Beginning in early 2008, according to the superseding indictment, Singleton began requesting payments from Santana for work purportedly performed or equipment/infrastructure furnished by vendors at Santana’s drill sites in Texas. Singleton, either directly or through his assistant in Texas, emailed Santana’s offices in Santa Clara, requesting that payments be made payable to certain entities. Typically, the e-mails were cryptic and appeared to be requesting payments to be made payable to vendors. Based on Santana’s understanding that the payments were being made to third-party vendors for work performed on Santana’s drilling sites, Santana’s employees in Santa Clara would prepare and execute checks drawn on a Santana-controlled business account at a bank in Santa Clara. Santana then transmitted those checks via Federal Express mailings to Singleton’s offices in Texas.

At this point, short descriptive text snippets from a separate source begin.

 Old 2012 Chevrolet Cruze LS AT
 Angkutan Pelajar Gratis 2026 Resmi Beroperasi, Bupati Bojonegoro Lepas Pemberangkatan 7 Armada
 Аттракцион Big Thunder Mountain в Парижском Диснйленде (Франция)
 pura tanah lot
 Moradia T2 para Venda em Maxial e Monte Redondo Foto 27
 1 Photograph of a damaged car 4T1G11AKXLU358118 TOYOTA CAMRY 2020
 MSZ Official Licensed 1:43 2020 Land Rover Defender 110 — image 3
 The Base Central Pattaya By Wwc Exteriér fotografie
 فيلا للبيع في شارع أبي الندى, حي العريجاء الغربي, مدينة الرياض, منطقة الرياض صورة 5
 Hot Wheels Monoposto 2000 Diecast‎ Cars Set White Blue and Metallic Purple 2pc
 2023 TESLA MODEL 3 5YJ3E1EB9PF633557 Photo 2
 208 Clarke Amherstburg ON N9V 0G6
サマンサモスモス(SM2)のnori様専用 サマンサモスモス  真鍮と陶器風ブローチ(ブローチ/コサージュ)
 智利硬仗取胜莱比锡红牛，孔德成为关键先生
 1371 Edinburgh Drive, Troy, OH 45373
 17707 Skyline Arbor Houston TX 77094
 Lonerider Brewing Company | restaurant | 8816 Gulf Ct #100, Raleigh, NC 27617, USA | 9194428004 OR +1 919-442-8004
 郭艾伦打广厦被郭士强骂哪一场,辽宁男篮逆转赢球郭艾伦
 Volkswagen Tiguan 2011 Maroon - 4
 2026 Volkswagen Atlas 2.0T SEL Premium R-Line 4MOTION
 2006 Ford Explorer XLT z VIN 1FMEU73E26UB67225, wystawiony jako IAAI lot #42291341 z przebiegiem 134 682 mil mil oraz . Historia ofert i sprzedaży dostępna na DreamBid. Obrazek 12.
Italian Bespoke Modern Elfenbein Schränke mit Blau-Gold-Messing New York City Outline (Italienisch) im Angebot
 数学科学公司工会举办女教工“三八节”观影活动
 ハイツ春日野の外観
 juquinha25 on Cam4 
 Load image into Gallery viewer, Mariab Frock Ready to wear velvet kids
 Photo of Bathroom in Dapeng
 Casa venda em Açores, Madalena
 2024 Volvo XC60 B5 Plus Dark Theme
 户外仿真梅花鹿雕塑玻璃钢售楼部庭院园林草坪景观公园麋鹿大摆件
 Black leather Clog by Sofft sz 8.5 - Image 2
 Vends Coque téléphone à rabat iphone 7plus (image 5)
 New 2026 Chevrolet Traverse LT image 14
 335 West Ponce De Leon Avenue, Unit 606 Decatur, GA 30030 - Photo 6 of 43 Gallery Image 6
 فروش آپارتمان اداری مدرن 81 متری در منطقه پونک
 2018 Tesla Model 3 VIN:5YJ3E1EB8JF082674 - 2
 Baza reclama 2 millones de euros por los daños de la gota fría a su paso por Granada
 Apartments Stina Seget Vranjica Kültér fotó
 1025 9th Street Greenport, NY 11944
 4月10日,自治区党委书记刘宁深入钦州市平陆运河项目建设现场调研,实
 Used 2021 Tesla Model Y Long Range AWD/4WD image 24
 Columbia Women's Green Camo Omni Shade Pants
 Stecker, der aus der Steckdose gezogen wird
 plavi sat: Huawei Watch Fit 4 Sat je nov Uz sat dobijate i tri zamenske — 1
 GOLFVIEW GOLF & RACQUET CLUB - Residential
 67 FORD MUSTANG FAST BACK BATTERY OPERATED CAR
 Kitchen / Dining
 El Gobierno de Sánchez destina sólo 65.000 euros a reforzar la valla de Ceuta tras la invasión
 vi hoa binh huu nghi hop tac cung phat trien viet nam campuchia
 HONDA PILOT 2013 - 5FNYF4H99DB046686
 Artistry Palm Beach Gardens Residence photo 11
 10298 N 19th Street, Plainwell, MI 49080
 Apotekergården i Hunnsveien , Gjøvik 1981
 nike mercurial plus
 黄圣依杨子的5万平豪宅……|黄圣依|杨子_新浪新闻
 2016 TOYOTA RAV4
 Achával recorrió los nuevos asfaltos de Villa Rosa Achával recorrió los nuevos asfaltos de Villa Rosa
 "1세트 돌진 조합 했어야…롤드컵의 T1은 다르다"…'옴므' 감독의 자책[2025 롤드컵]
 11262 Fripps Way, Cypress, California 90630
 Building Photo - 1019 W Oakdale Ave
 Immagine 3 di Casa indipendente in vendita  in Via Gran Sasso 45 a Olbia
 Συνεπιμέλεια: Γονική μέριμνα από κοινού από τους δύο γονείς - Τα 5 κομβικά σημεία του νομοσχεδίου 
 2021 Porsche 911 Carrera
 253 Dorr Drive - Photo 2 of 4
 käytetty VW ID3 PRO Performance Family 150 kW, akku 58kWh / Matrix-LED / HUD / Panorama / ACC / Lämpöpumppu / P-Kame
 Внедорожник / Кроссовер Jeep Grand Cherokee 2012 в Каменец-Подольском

According to the allegations, Singleton did not, in fact, use the checks provided by Santana to pay the third-party vendors that he had identified in e-mails to Santana’s Santa Clara offices. Instead, the checks were made payable to companies that Singleton himself had created and controlled, and the checks were deposited into bank accounts Singleton alone controlled.
According to the superseding indictment, many of these accounts were in the name of shell companies with names similar to – and only slightly different from – genuine contractors and vendors who had actually been retained to perform services for the benefit of Santana. These shell companies had no employees, vouchers, credit or expenses associated with Santana. The money deposited into these accounts was not used for Santana expenses, as Singleton had represented in his e-mails and other communications with Santana. Instead, it was transferred or spent by Singleton for unauthorized, personal matters.
As a result of this scheme, Singleton eventually diverted well over $1,000,000 in corporate funds for purposes unauthorized by and unrelated to Santana, including his mortgage, a private jet, and his hunting ranch in North Texas.
After first appearing in federal court in Texas earlier this month and ordered to travel to San Jose, the defendant made his initial appearance in federal court in San Jose earlier today before the Honorable Howard R. Lloyd, United States Magistrate Court Judge, who unsealed the indictment. Singleton is currently out on bond. His next scheduled appearance is on March 11, 2014, at 1:30 p.m., in San Jose before the Honorable Howard R. Lloyd for review of terms of bond and for status and further setting on April 2, 2014, at 9:30 a.m., before the Honorable Lucy H. Koh, United States District Court Judge in San Jose.
The maximum statutory penalty for each count of the indictment is twenty years imprisonment, a fine of $250,000 or twice the amount of gain or loss, whichever is greater, and restitution if appropriate. However, any sentence following conviction would be imposed by the court after consideration of the U.S. Sentencing Guidelines and the federal statute governing the imposition of a sentence, 18 U.S.C. § 3553.
Timothy J. Lucey is the Assistant United States Attorney who is prosecuting the case with the assistance of Laurie Worthen. The prosecution is the result of an investigation by the Federal Bureau of Investigation.
Please note, an Indictment contains only allegations against an individual and, as with all defendants, Dwayne Kent Singleton must be presumed innocent unless and until proven guilty.